DATASET EXTRACT:
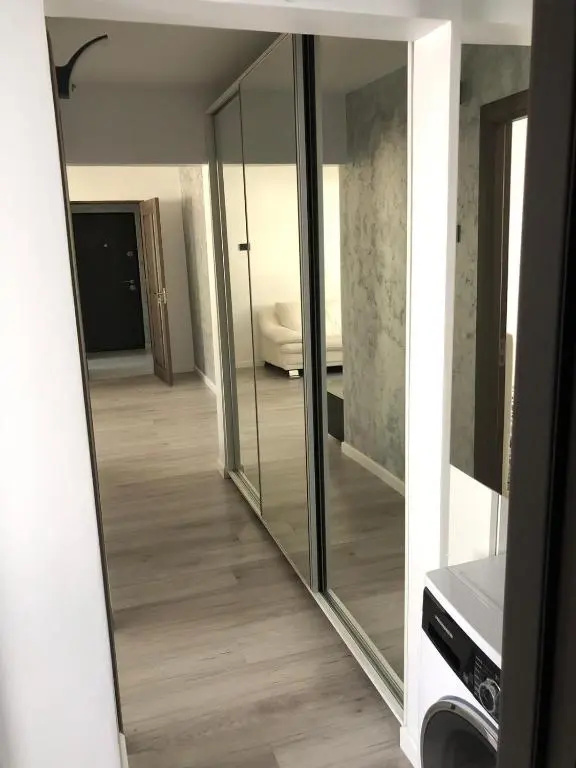White & Silver Luxury Suite Craiova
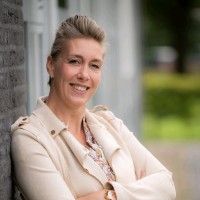 Yvonne Spunda Theunissen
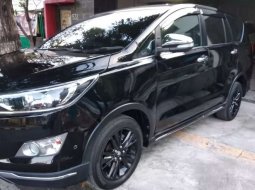Jawa Tengah, jual mobil Toyota Venturer 2018 dengan harga terjangkau 8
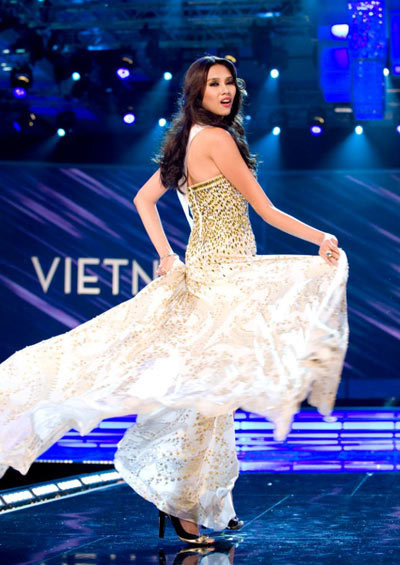 Những bộ EG tuyệt mỹ từng xuất hiện tại MU Nhat-ky-hinh-anh-cua-hoang-yen-tai-miss-universe-5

WORK TO BE COMPLETED: The reply should contain every line of the material exactly, and no images.

PROBLEM SOLUTION:
White & Silver Luxury Suite Craiova
 Yvonne Spunda Theunissen
Jawa Tengah, jual mobil Toyota Venturer 2018 dengan harga terjangkau 8
 Những bộ EG tuyệt mỹ từng xuất hiện tại MU Nhat-ky-hinh-anh-cua-hoang-yen-tai-miss-universe-5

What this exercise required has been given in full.